- **Assigned task**
Below are records. Transcribe exactly the lines from the one that contains "Fumo nero sull'asse" through the last line, leaving any pictures out.

[Image-caption web data]
============================================================
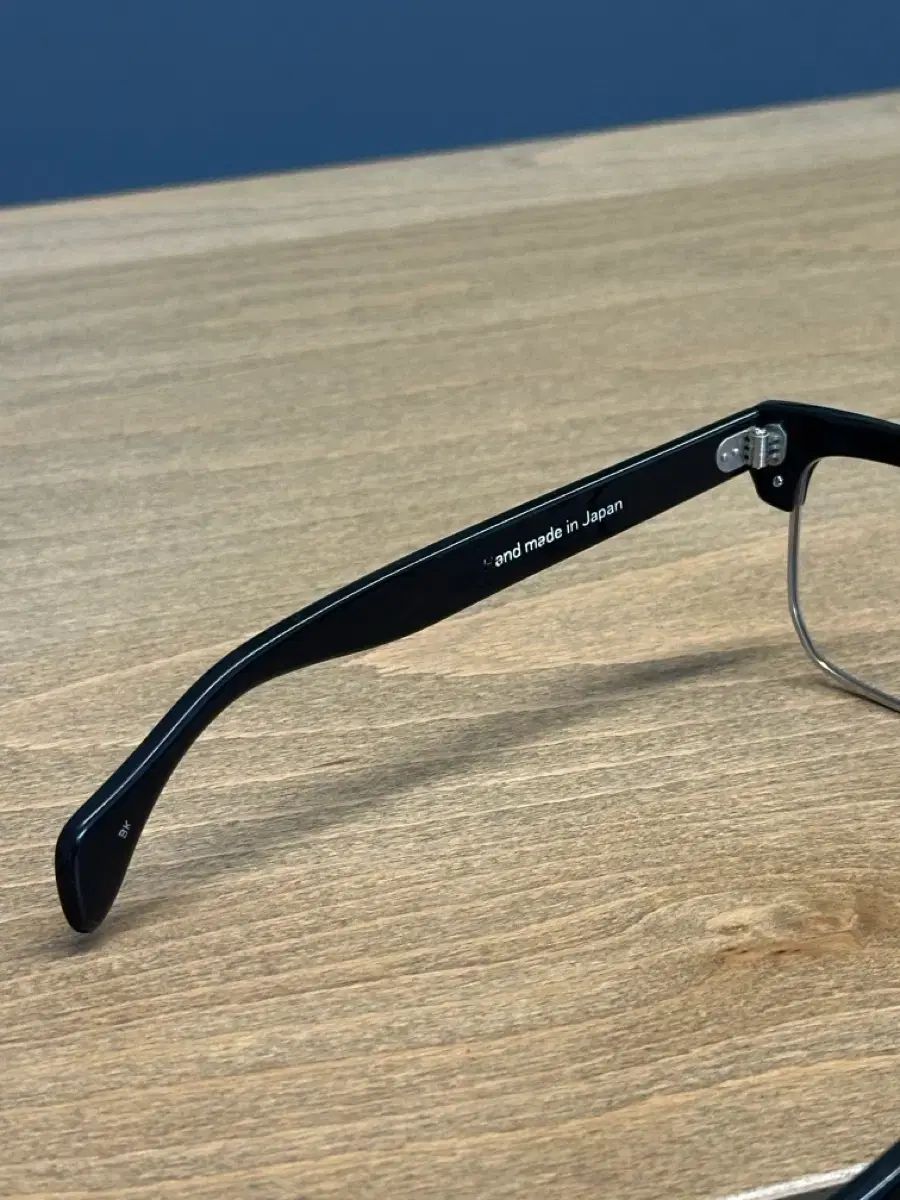  エフェクター ブラックサイン プロ providence サングラス 小物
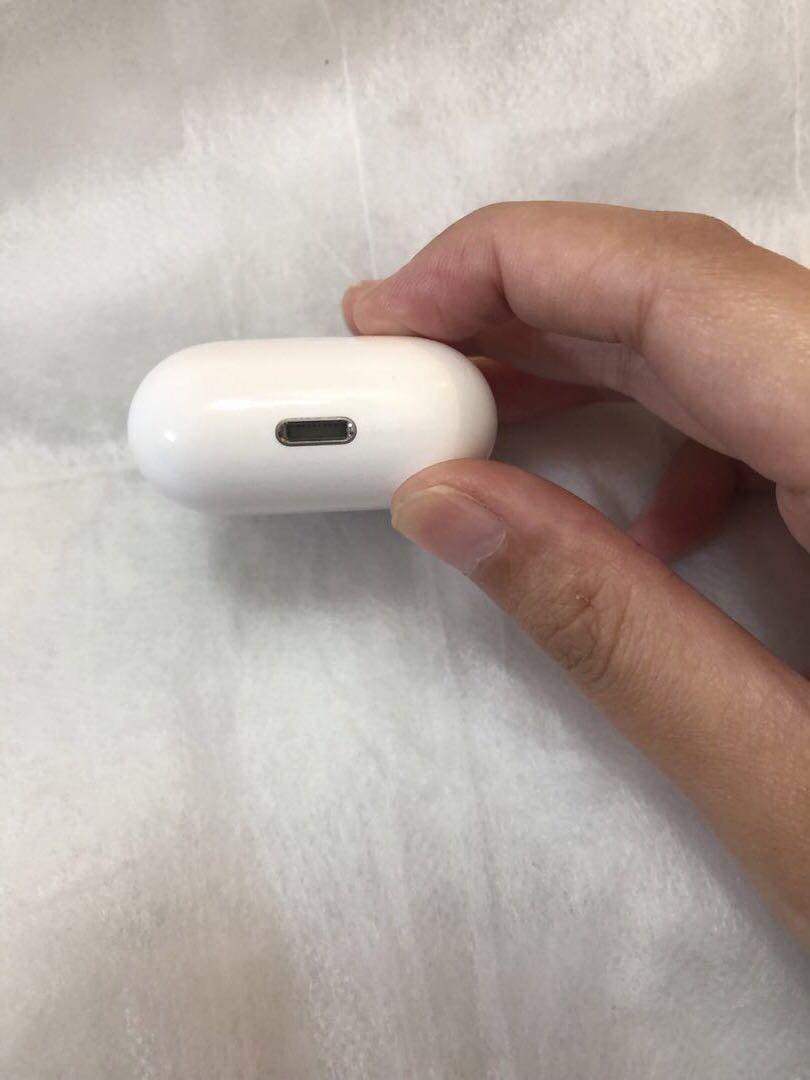 【稼働品】AirPods本体 イヤホン両耳あり ホワイト 稼働品】AirPods本体 イヤホン両耳あり ホワイト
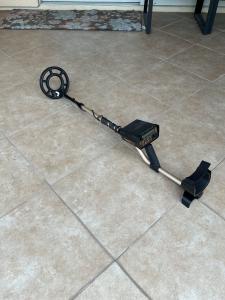 Fisher CZ 7A Pro Metal Detector with Headphones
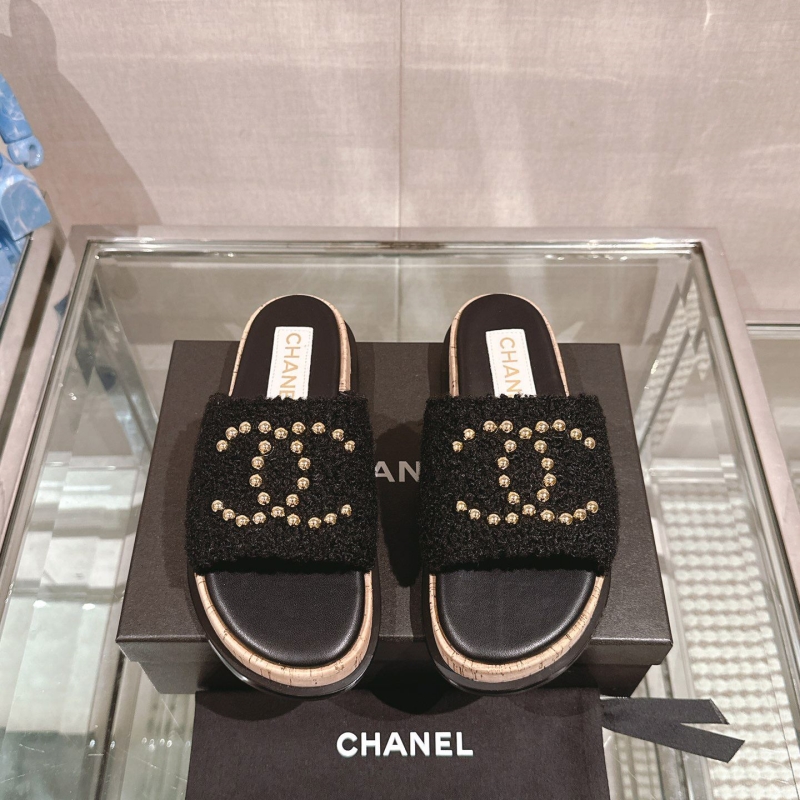 Ch*el slippers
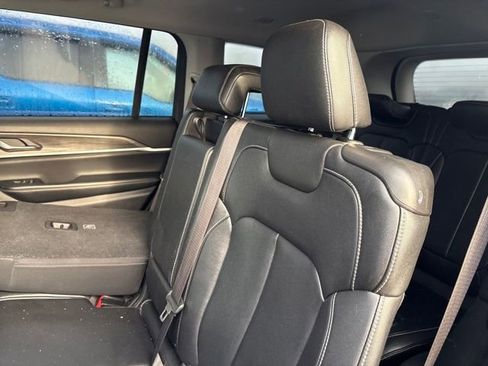 Used 2023 Jeep Grand Cherokee L Limited image 10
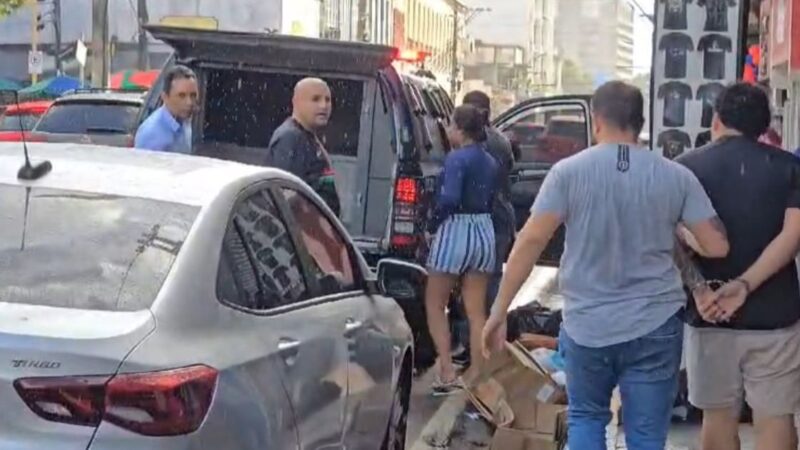 Funcionária ajuda amante e a mulher dele em roubo à loja de Manaus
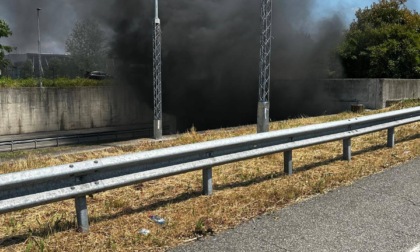 Fumo nero sull'asse tra Mapello e Ponte a causa di un brutto incidente: morto un 17enne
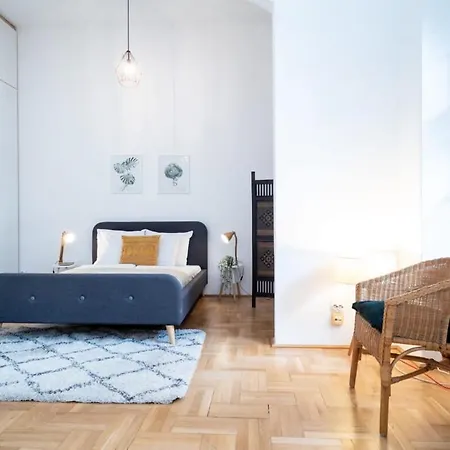 Lovely Downtown Close To The Basilica Daire Budapeşte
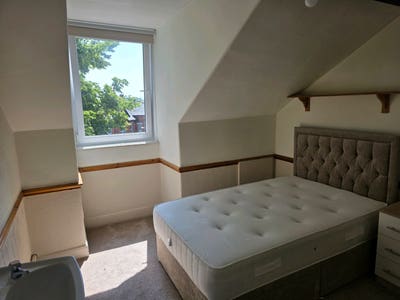 Spacious, Warm house. Last room! Main Photo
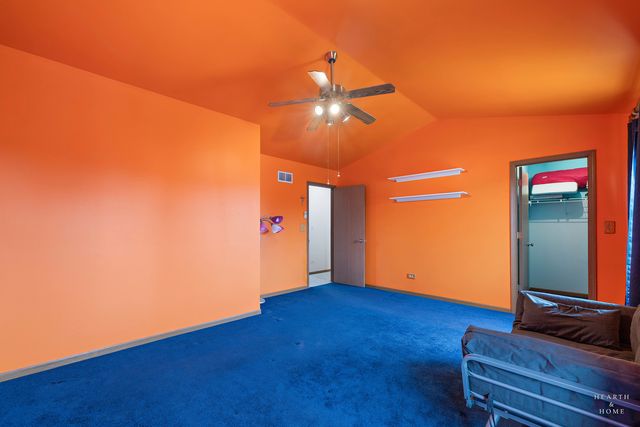 1278 Regent Drive, Mundelein, IL 60060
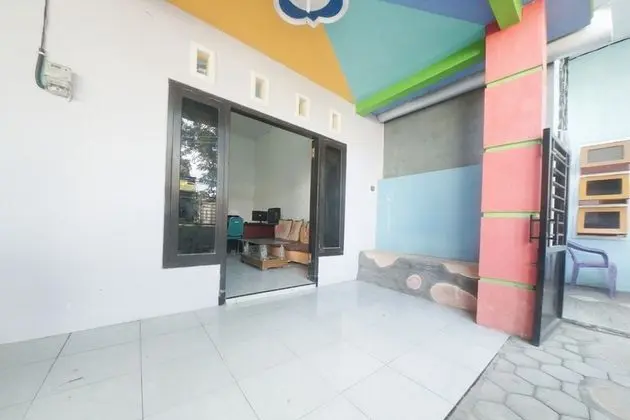 RedDoorz Syariah near Mall Roxy Banyuwangi 2 - Dış Mekan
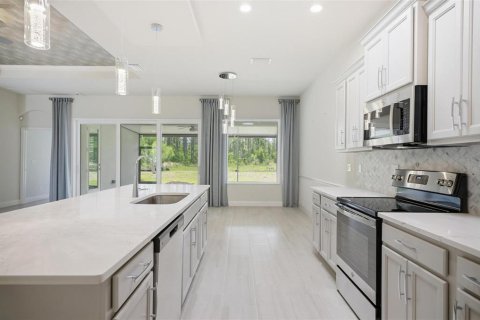 House in Palm Coast, Florida 3 bedrooms, 167.78 sq.m. № 2106594 - photo 20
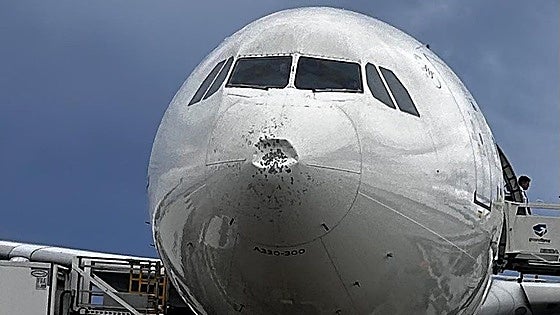 El fuerte granizo daña un avión en Barcelona y le obliga a aterrizar poco después del despegue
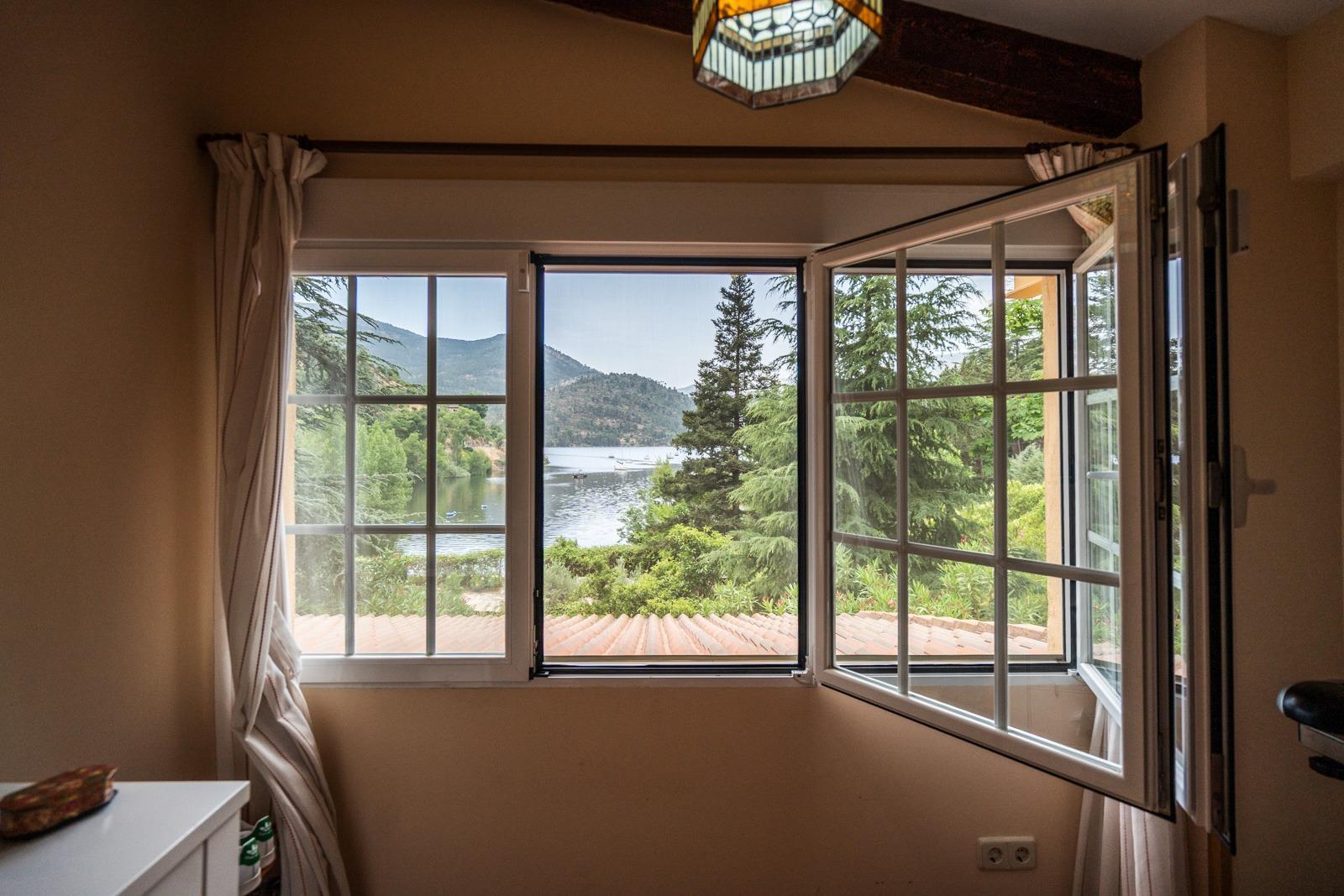 ^LA CASA DEL LAGO^ ESPECTACULAR CHALET CON ACCESO A PLAYA EN EL PANTANO DEL BURGUILLO. UBICACIÓN ÚNICA CON LOS MEJORES ATARDECERES DE LA ZONA^  Exclusivo chalet de más de 3.000 m² de parcela situa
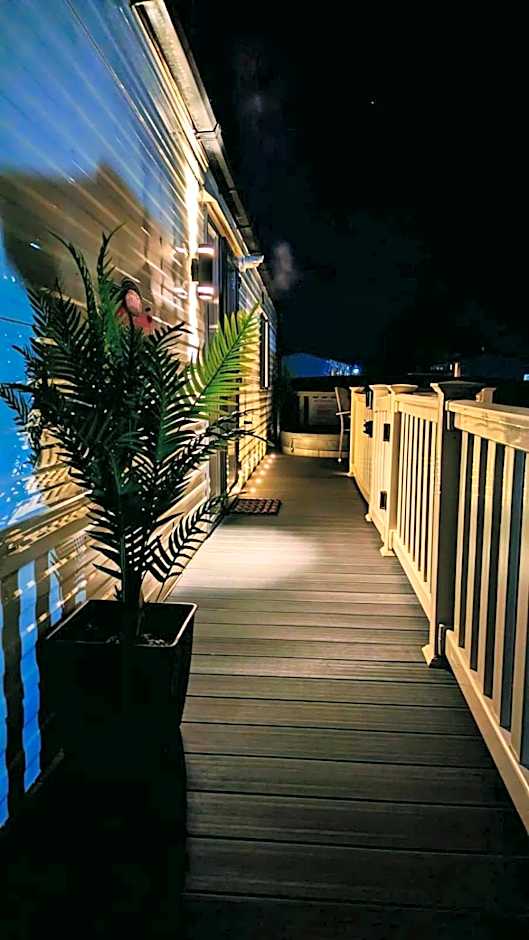 Tattershall Lakes - Merlin Point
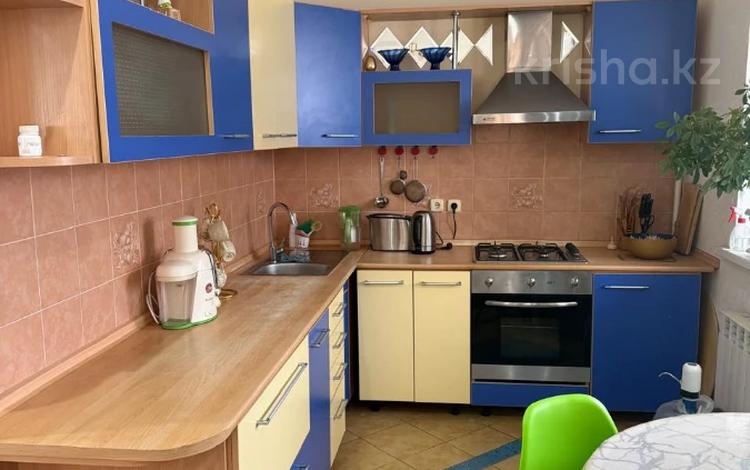 2-комнатная квартира · 70 м² · 3/9 этаж, Сары Арка 40 за 290 000 ₸ в Атырау — фото 12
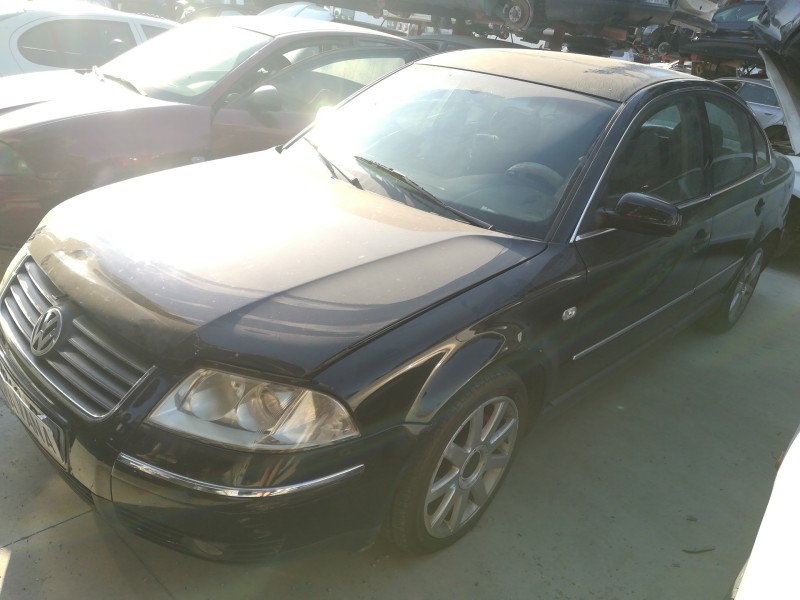 VOLKSWAGEN PASSAT BERLINA (3B3)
============================================================
- **Output**
 Fumo nero sull'asse tra Mapello e Ponte a causa di un brutto incidente: morto un 17enne
 Lovely Downtown Close To The Basilica Daire Budapeşte
 Spacious, Warm house. Last room! Main Photo
 1278 Regent Drive, Mundelein, IL 60060
 RedDoorz Syariah near Mall Roxy Banyuwangi 2 - Dış Mekan
 House in Palm Coast, Florida 3 bedrooms, 167.78 sq.m. № 2106594 - photo 20
 El fuerte granizo daña un avión en Barcelona y le obliga a aterrizar poco después del despegue
 ^LA CASA DEL LAGO^ ESPECTACULAR CHALET CON ACCESO A PLAYA EN EL PANTANO DEL BURGUILLO. UBICACIÓN ÚNICA CON LOS MEJORES ATARDECERES DE LA ZONA^  Exclusivo chalet de más de 3.000 m² de parcela situa
 Tattershall Lakes - Merlin Point
 2-комнатная квартира · 70 м² · 3/9 этаж, Сары Арка 40 за 290 000 ₸ в Атырау — фото 12
 VOLKSWAGEN PASSAT BERLINA (3B3)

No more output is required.